Pour éteindre des accusations de conflits d’intérêt présumé ou de libéralisme aveugle, les tenants de la modification de la loi gambienne brandissent, eux aussi, le drapeau du féminisme. Tout autant qu’elle va dans le sens d’une certaine sécurité de la femme, l’interdiction du blanchiment de la peau ferait courir des risques à celle-ci. Comme l’argumente le député Halifa Sallah, des hommes abuseraient de certaines demoiselles, après avoir menacé de les dénoncer parce qu’elles se seraient éclairci la peau.
Double peine ou triple peine ? Déjà physiquement meurtries par les produits de dépigmentation, des femmes se retrouvent entre le marteau du chantage à la délation et l’enclume d’interpellations elles-mêmes sources de corruption sexuelle. La dépigmentée présumée n’échapperait à la pression de l’un que pour tomber dans la gueule d’un prédateur…

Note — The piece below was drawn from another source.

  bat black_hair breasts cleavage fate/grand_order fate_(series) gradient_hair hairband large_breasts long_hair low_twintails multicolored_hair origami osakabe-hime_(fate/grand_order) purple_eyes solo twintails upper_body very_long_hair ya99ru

Quel que soit l’avenir des législations africaines réglementant la vente de produits de dépigmentation, le commerce de la peau « blanche » pourra continuer au… noir, des prétextes pathologiques divers pouvant être opposés au flagrant délit d’acné ou de vergeture. Seule l’éducation pourra durablement résoudre la source du phénomène : les canons de beauté pervertis.